A phase I/II trial of intensity modulated radiation (IMRT) dose escalation with concurrent fixed-dose rate gemcitabine (FDR-G) in patients with unresectable pancreatic cancer

Abstract

Purpose: Local failure in unresectable pancreatic cancer may contribute to death. We hypothesized that intensification of local therapy would improve local control and survival. The objectives were to determine the maximum tolerated radiation dose delivered by intensity modulated radiation with fixed-dose rate gemcitabine (FDR-G), freedom from local progression (FFLP), and overall survival (OS).

Methods and materials: Eligibility included pathologic confirmation of adenocarcinoma, radiographically unresectable, performance status of 0-2, absolute neutrophil count of ≥ 1,500/mm(3), platelets ≥ 100,000/mm(3), creatinine <2 mg/dL, bilirubin <3 mg/dL, and alanine aminotransferase/aspartate aminotransferase ≤ 2.5 × upper limit of normal. FDR-G (1000 mg/m(2)/100 min intravenously) was given on days -22 and -15, 1, 8, 22, and 29. Intensity modulated radiation started on day 1. Dose levels were escalated from 50-60 Gy in 25 fractions.
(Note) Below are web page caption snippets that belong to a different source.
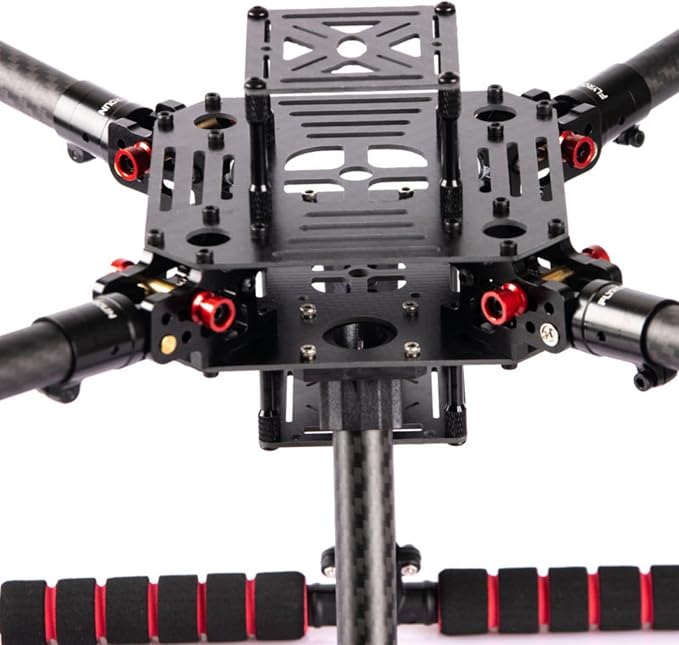 LX350 PRO 420mm Foldable Carbon Fiber Drone Frame Kit 16mm Arms Quadcopter Frame for FPV, Aerial Photography & Education, Lightweight DIY Build with Landing Gear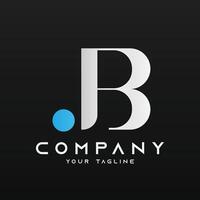 Logo vector template of letter BJ OR JB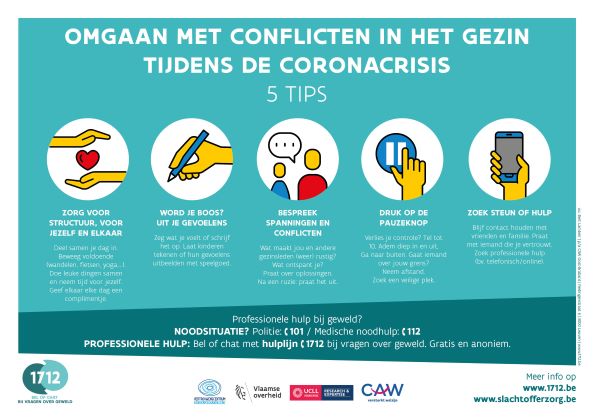 poster omgaan met conflicten tijdens de coronacrisis: 5 tips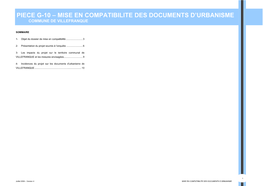 Mise En Compatibilite Des Documents D'urbanisme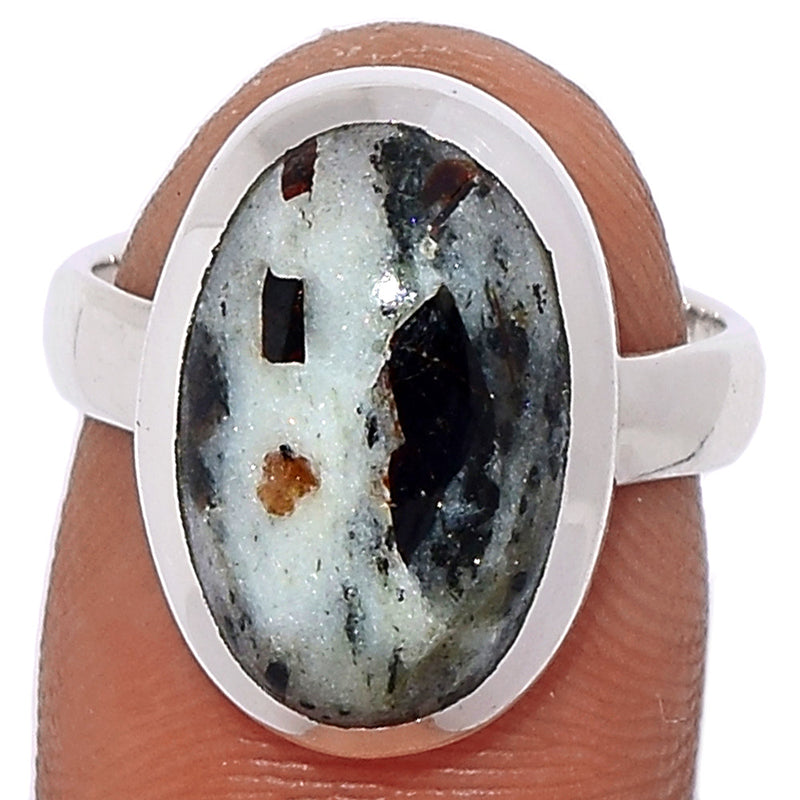 Astrophyllite Cabochon Ring - APCR171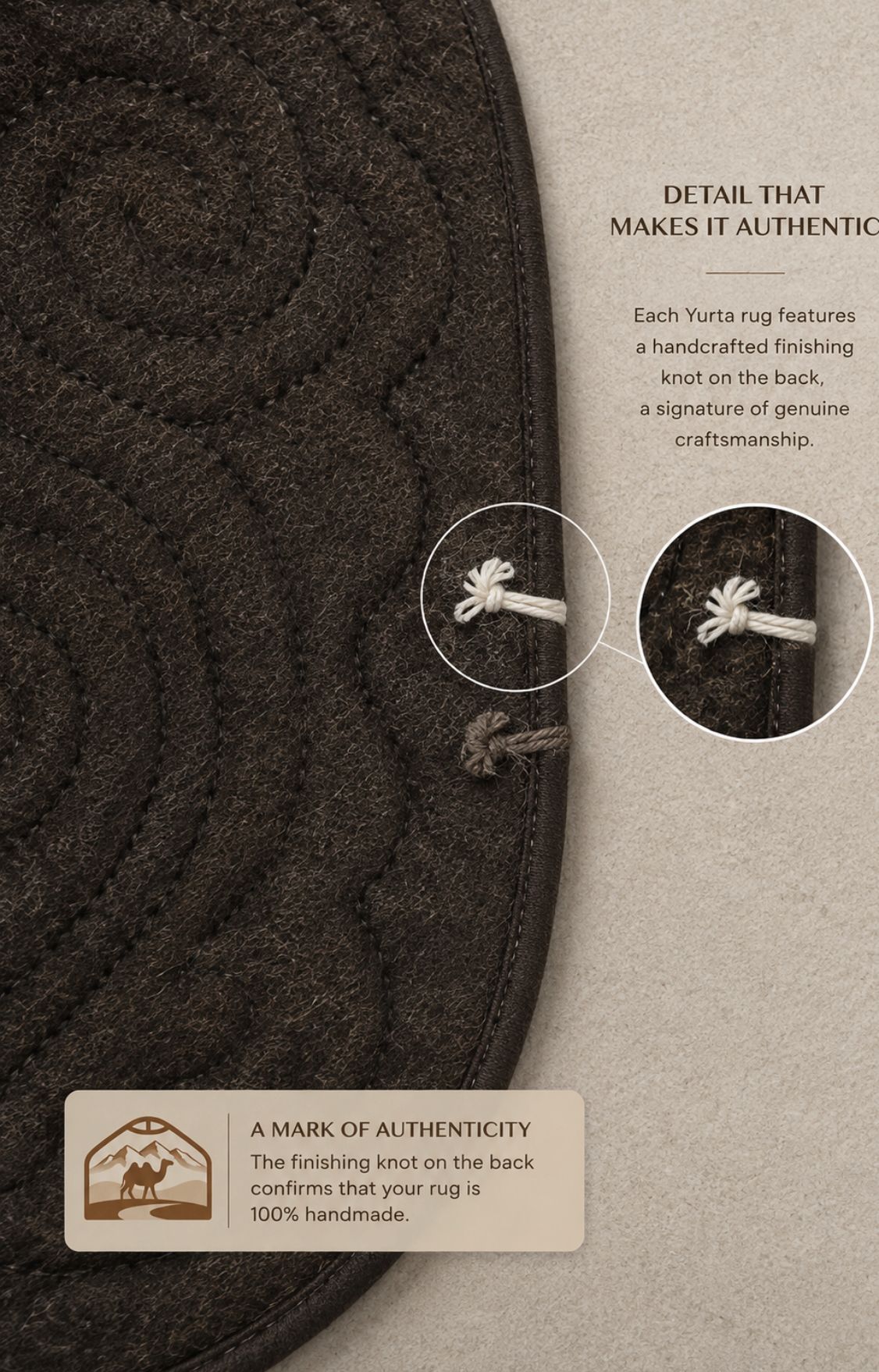 Syrmak with rounded corners Beige&Grigio antracite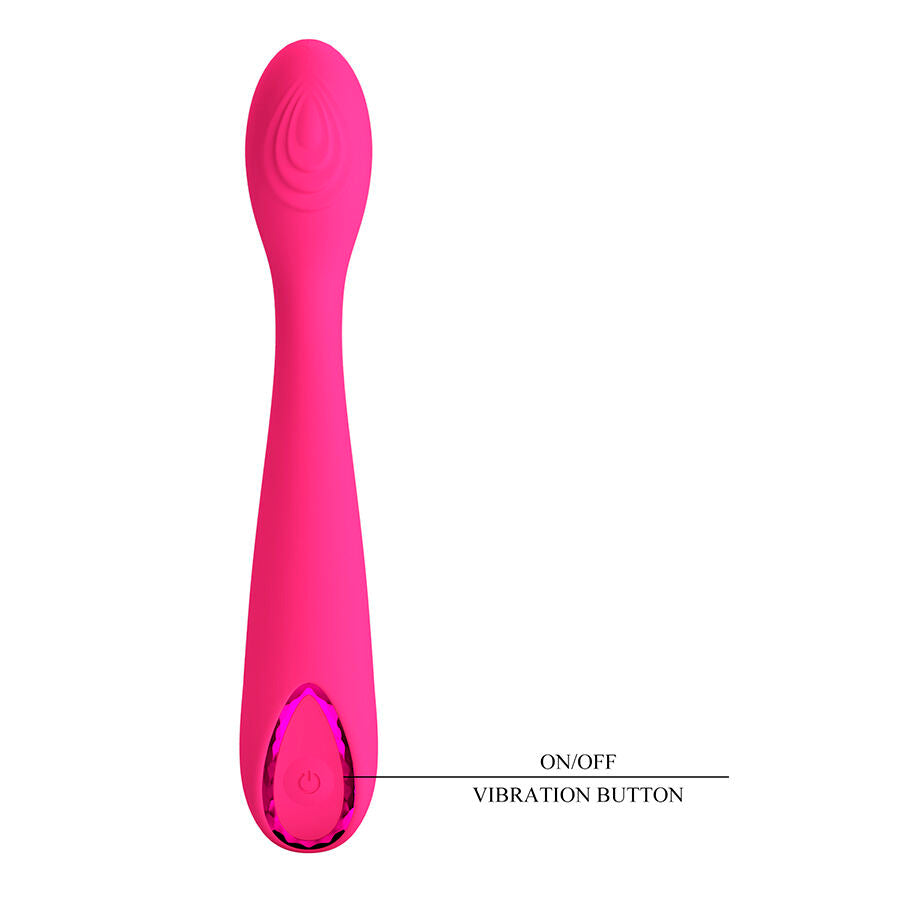 PRETTY LOVE - JESSICA VIBRATEUR ROSE HAUTE PUISSANCE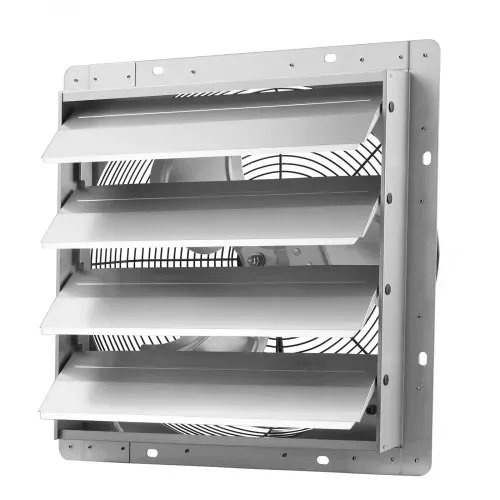 VEVOR 413 mm Abluftventilator mit Lamellen Industrie Wandventilator 72 W, Wandlüfter für Garage Gewächshaus Werkstatt, Stahlgehäuse, 3862 m³/h Lüftung, 1350 U/min Motor, Leiser Betrieb, Wandmontage – Bild 8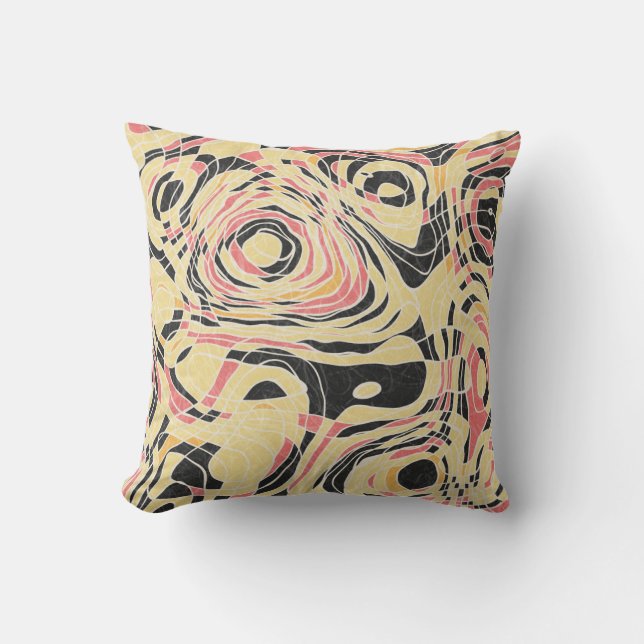 Abstract line geo pattern, topographical design. cushion (Front)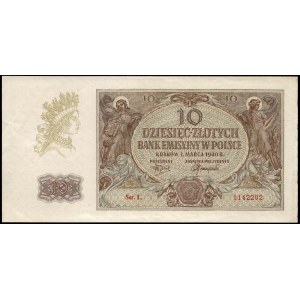 Pologne. 1940 10 Zlotych Préfixe L
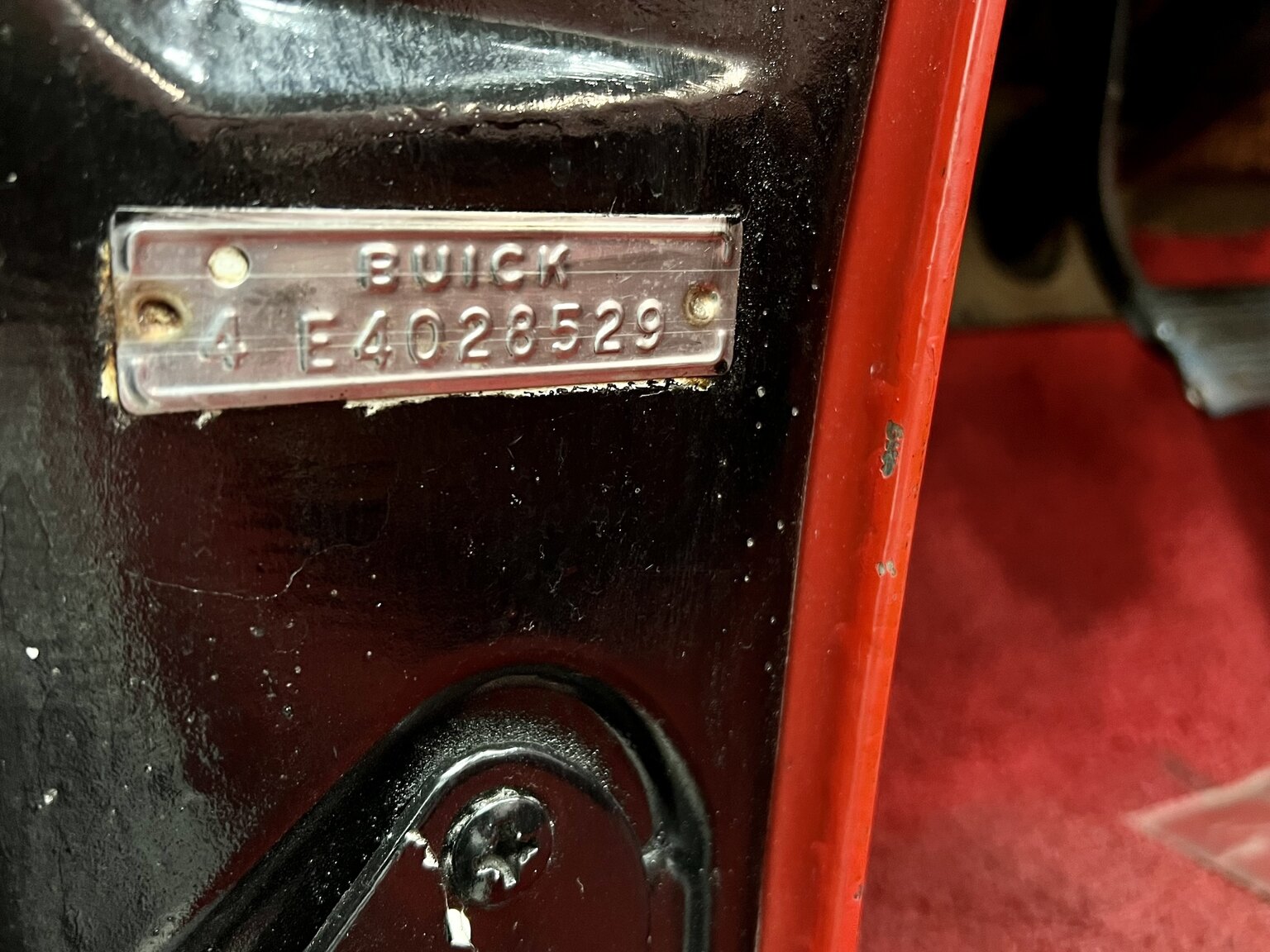 Interiörbild 1958 Buick Special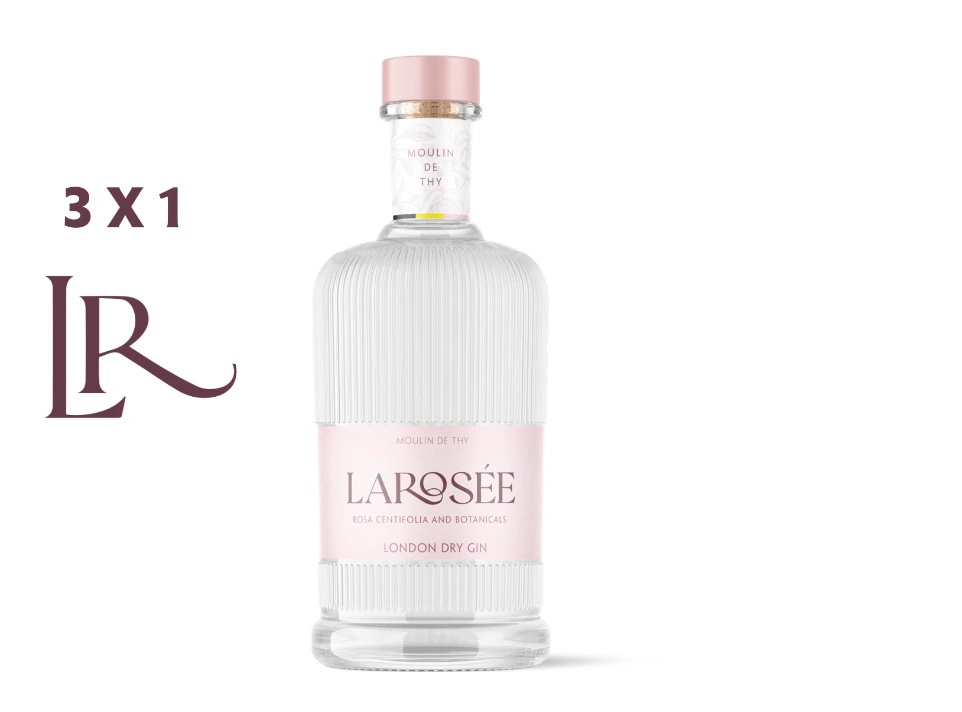 3 bouteilles gin Larosée® - Collection GALLICA  2025-27 (BE-BIO-01)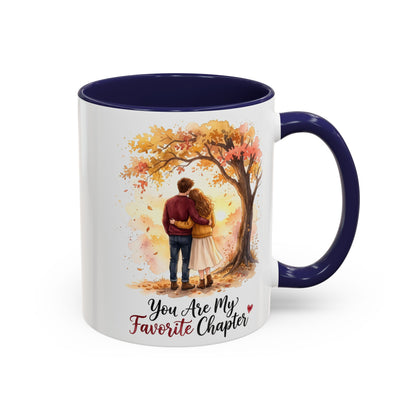 You Are My Favorite Chapter Romantic Autumn Coffee Mug
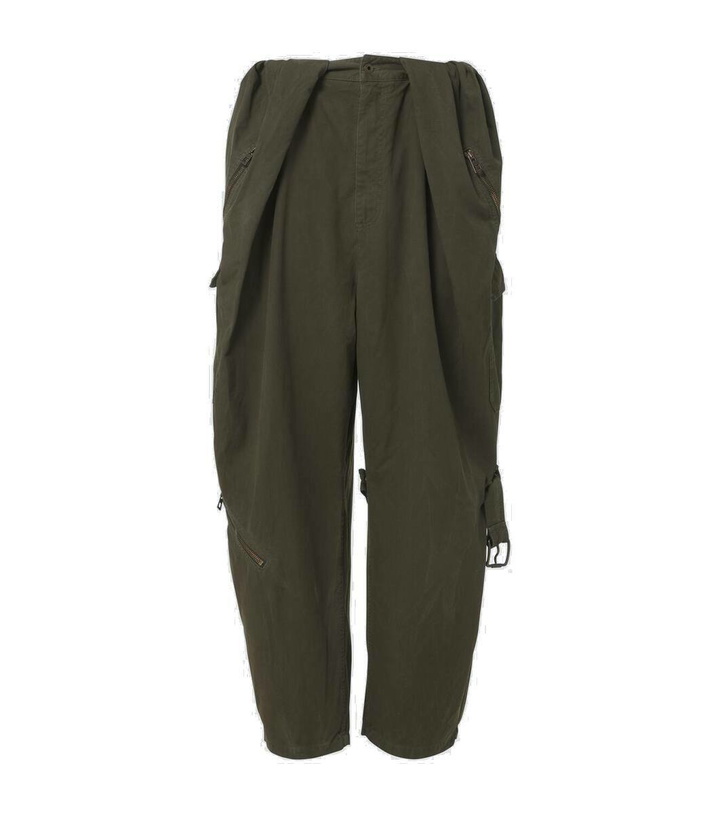 Photo: Loewe Mid-rise cotton cargo pants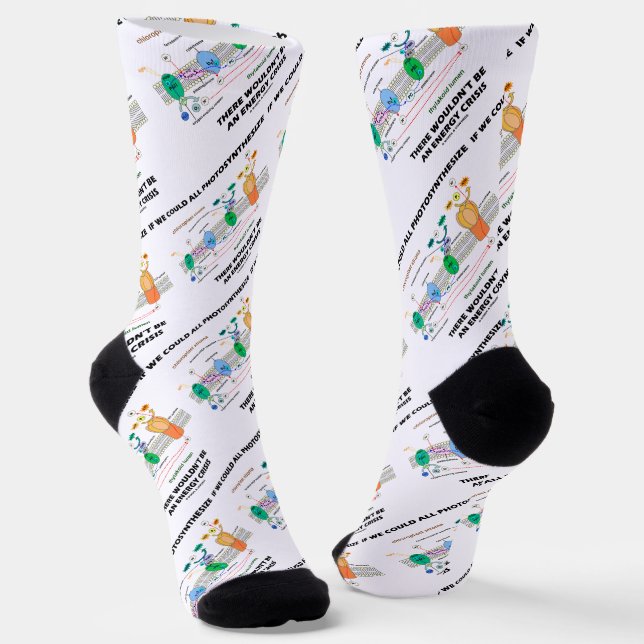 Chaussette Si nous pouvions tous photosynthétiser ne serait p (Angulaire)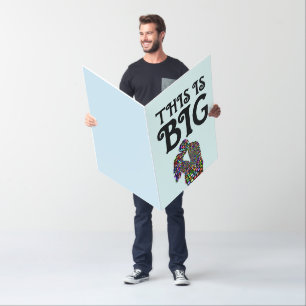  BIGGEST WEDDING  BIG HUGE CONGRATULATIONS CARD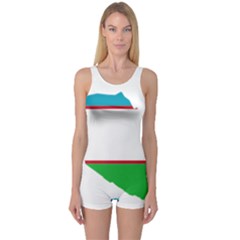 Borders Country Flag Geography Map One Piece Boyleg Swimsuit by Sapixe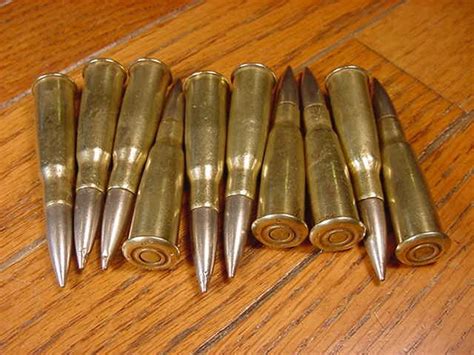 10 Rounds Of French 8mm Lebel Full Metal Jacket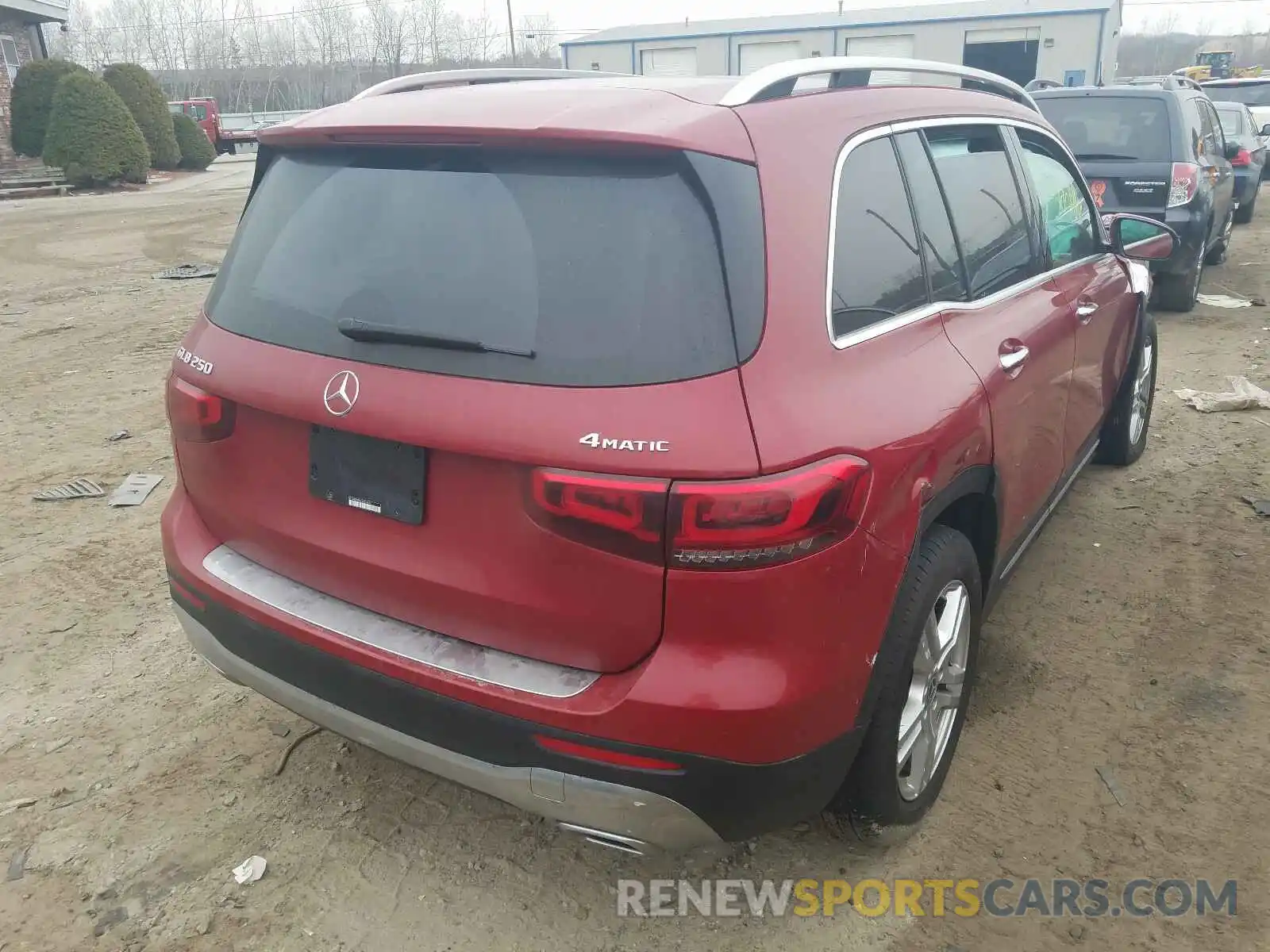 4 Photograph of a damaged car W1N4M4HB4LW029689 MERCEDES-BENZ G CLASS 2020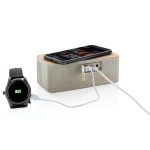 Luxe tarwestro speaker met logo kleur beige derde weergave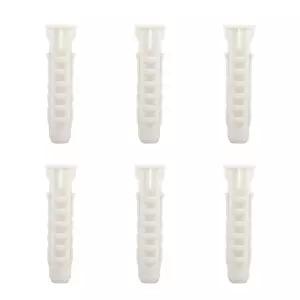 TV 벽 설치용 콘크리트 앵커 또는 벽돌 플라스틱 볼트 10X50mm 흰색 6pcs MD5751 장착 드림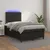 Produktbild 5 för Ramsäng med madrass & LED svart 120x190 cm konstläder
Dose-limiting toxicity was defined as gastrointestinal toxicity grade (G) ≥ 3, neutropenic fever, or deterioration in performance status to ≥ 3 between day 1 and 126. Dose level was assigned using TITE-CRM (Time-to-Event Continual Reassessment Method) with the target dose-limiting toxicity (DLT) rate set to 0.25.

Results: Fifty patients were accrued. DLTs were observed in 11 patients: G3/4 anorexia, nausea, vomiting, and/or dehydration (7); duodenal bleed (3); duodenal perforation (1). The recommended dose is 55 Gy, producing a probability of DLT of 0.24. The 2-year FFLP is 59% (95% confidence interval [CI]: 32-79). Median and 2-year overall survival are 14.8 months (95% CI: 12.6-22.2) and 30% (95% CI 17-45). Twelve patients underwent resection (10 R0, 2 R1) and survived a median of 32 months.

Conclusions: High-dose radiation therapy with concurrent FDR-G can be delivered safely. The encouraging efficacy data suggest that outcome may be improved in unresectable patients through intensification of local therapy.

Figure 1. Trial schema

A general schema of the trial. The trial started with one 3-week cycle of run-in FDR-G. This was followed by 5 weeks of concurrent FDR-G and dose-escalated IMRT. After completion of IMRT patients were observed for additional 13 weeks for the development of DLT. During this observation period, additional chemotherapy was allowed (single agent gemcitabine was recommended).

Figure 2. Overall survival

Kaplan Meier plot of overall survival. The median and 2-year overall survival are 14.8 months (95% CI: 12.6–22.2) and 30% (95% CI 17–45).

Figure 3. Freedom from local progression

Kaplan Meier plot of Freedom from Local Progression. The 2-year FFLP is 59% (95% CI: 32– 79).